4.—Pelagius’ System of Faculties.
In his system, he posits and distinguishes three faculties, by which he says God’s commandments are fulfilled,—capacity, volition, and action:5 [These three technical terms are, possibilitas, voluntas, actio.—W.] meaning by “capacity,” that by which a man is able to be righteous; by “volition” that by which he wills to be righteous; by “action,” that by which he actually is righteous. The first of these, the capacity, he allows to have been bestowed on us by the Creator of our nature; it is not in our power, and we possess it even against our will. The other two, however, the volition and the action, he asserts to be our own; and he assigns them to us so strictly as to contend that they proceed simply from ourselves. In short, according to his view, God’s grace has nothing to do with assisting those two faculties which he will have to be altogether our own, the volition and the action, but that only which is not in our own power and comes to us from God, namely the capacity; as if the faculties which are our own, that is, the volition and the action, have such avail for declining evil and doing good, that they require no divine help, whereas that faculty which we have of God, that is to say, the capacity, is so weak, that it is always assisted by the aid of grace.

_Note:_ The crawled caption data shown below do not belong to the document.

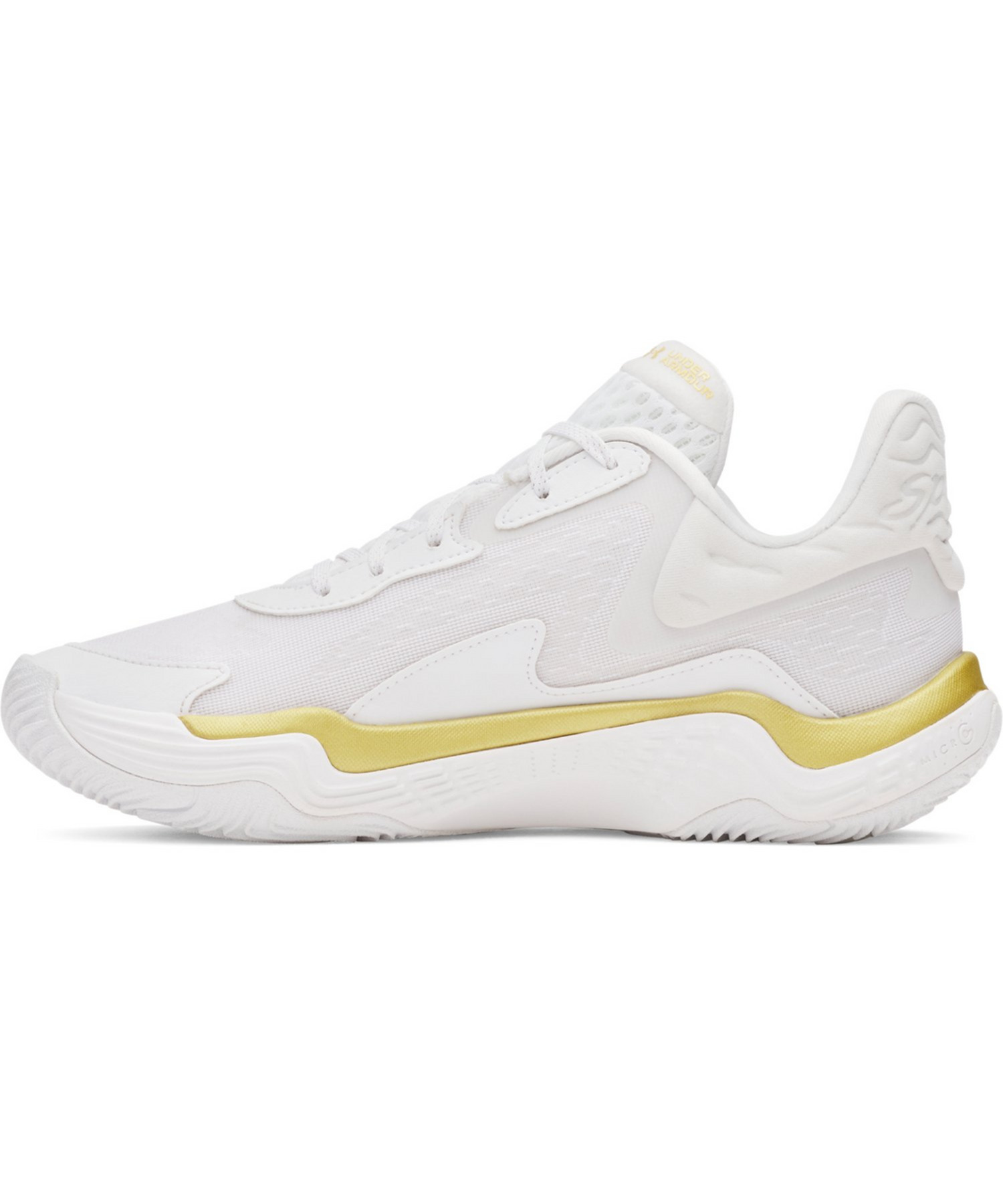 UAX|[7ioXPbg{[/UNISEXj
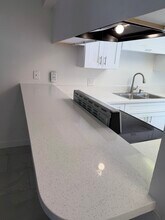 201 N 18th St in Las Vegas, NV - Building Photo - Building Photo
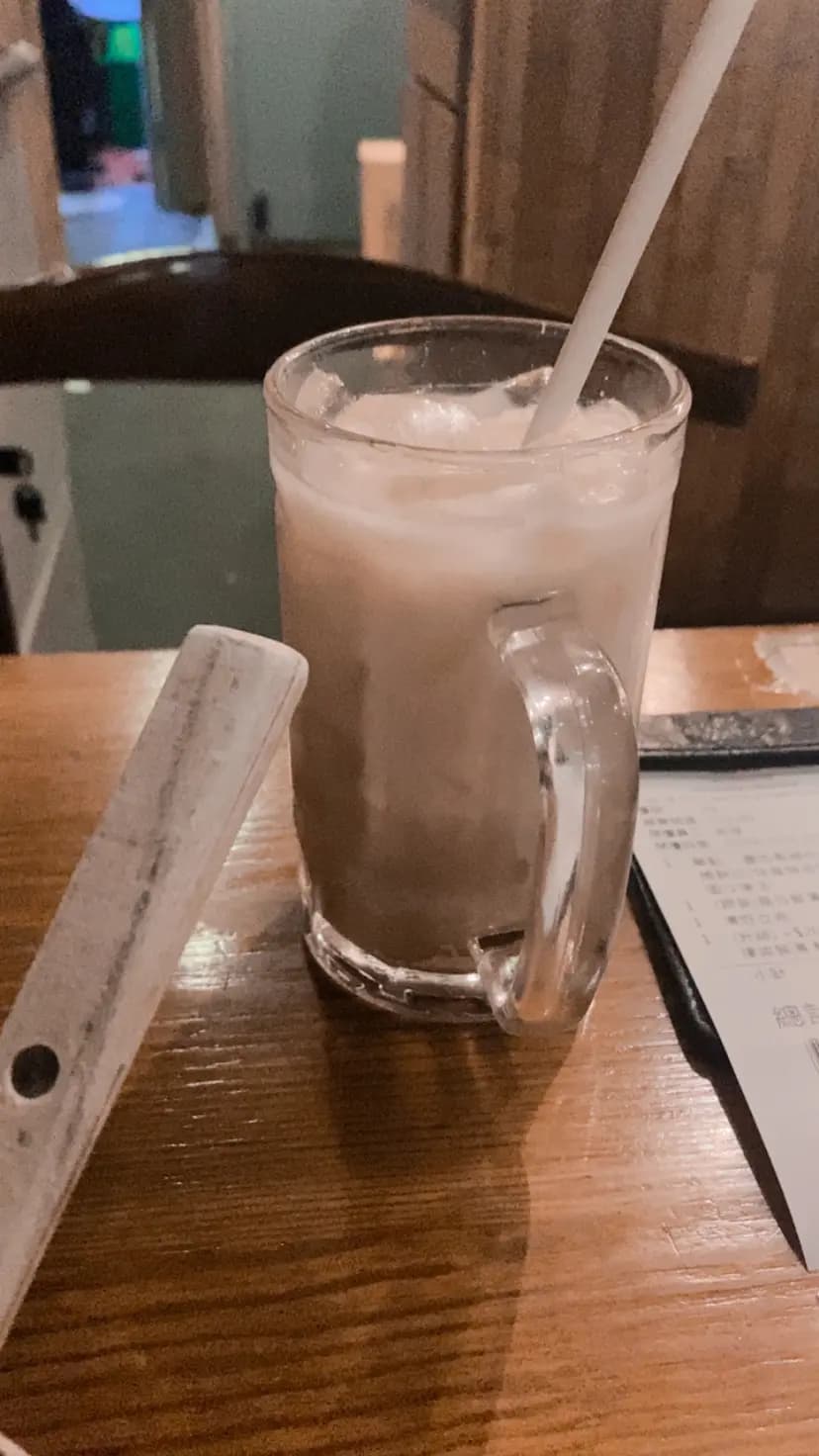 食樂 photo 1
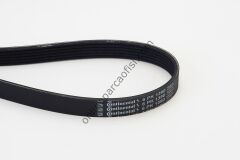 CONTITECH C 6PK 1390 | PSA PARTNER / BERLINGO V KAYISI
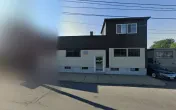 Queen City Towing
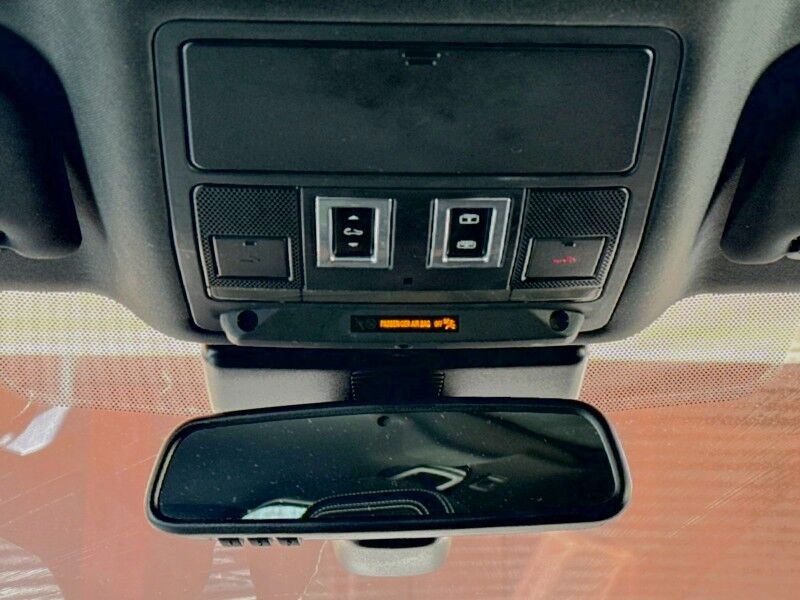 2018 Jaguar F-PACE 35t R-Sport AWD Arlington VA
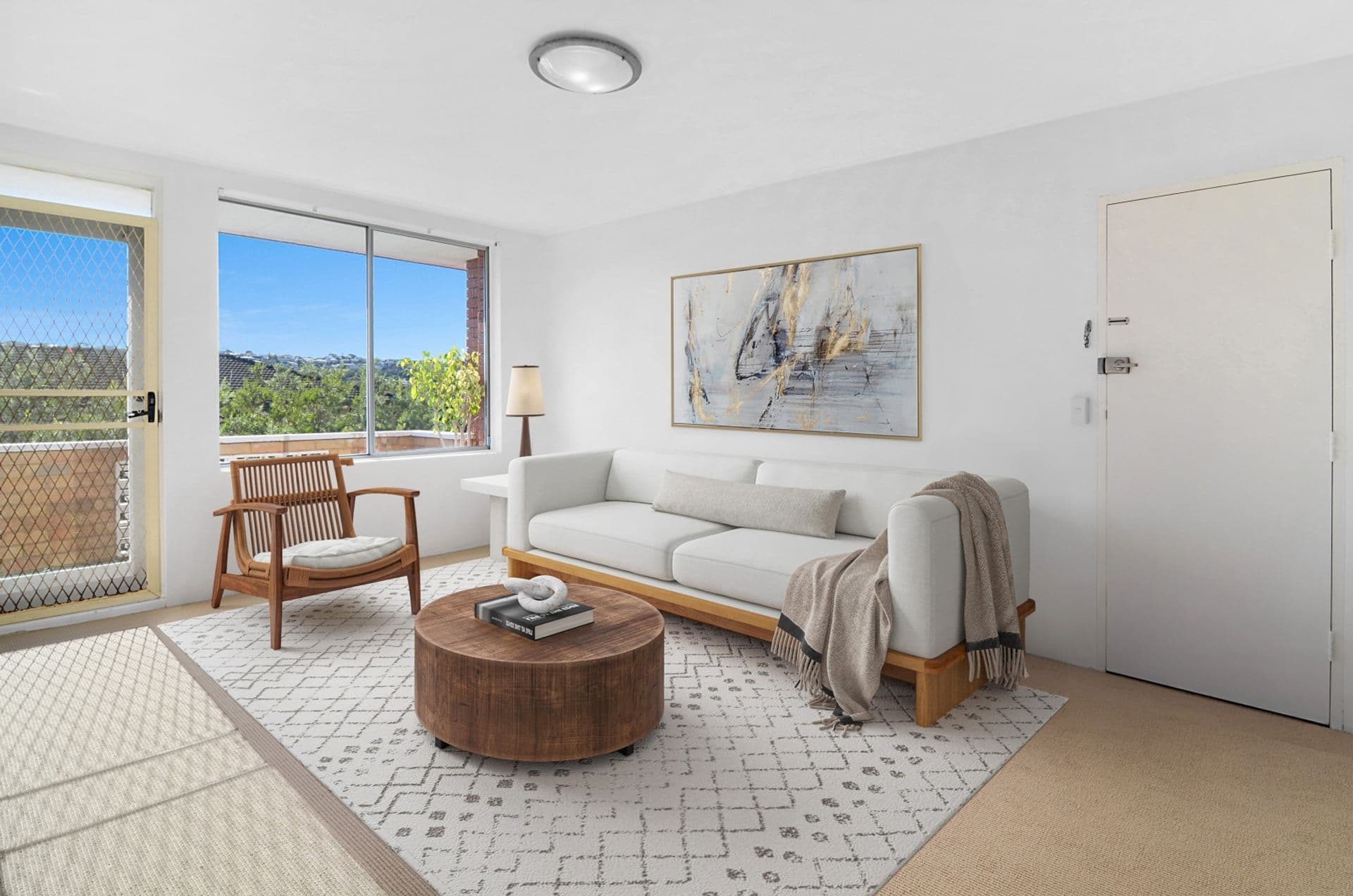 6/765 Pittwater Road, Dee Why, NSW, 2099, Dee Why - Image 1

4. Nam cum tria constituat atque distinguat, quibus divina mandata dicit impleri, possibilitatem, 0362 voluntatem, actionem; possibilitatem scilicet, qua potest homo esse justus; voluntatem, qua vult esse justus; actionem, qua justus est: horum trium primum, id est, possibilitatem datam confitetur a creatore naturae, nec esse in nostra potestate, sed eam nos habere etiamsi nolimus; duo vero reliqua, id est, voluntatem et actionem nostra esse asserit, atque ita nobis tribuit, ut nonnisi a nobis esse contendat. Denique gratia Dei, non ista duo, quae nostra omnino vult esse, id est, voluntatem et actionem; sed illam quae in potestate nostra non est, et nobis ex Deo est, id est, possibilitatem, perhibet adjuvari: tanquam illa quae nostra sunt, hoc est, voluntas et actio, tam sint valentia ad declinandum a malo et faciendum bonum, ut divino adjutorio non indigeant; illud vero quod nobis ex Deo est, hoc sit invalidum, id est, possibilitas, ut semper gratiae adjuvetur auxilio.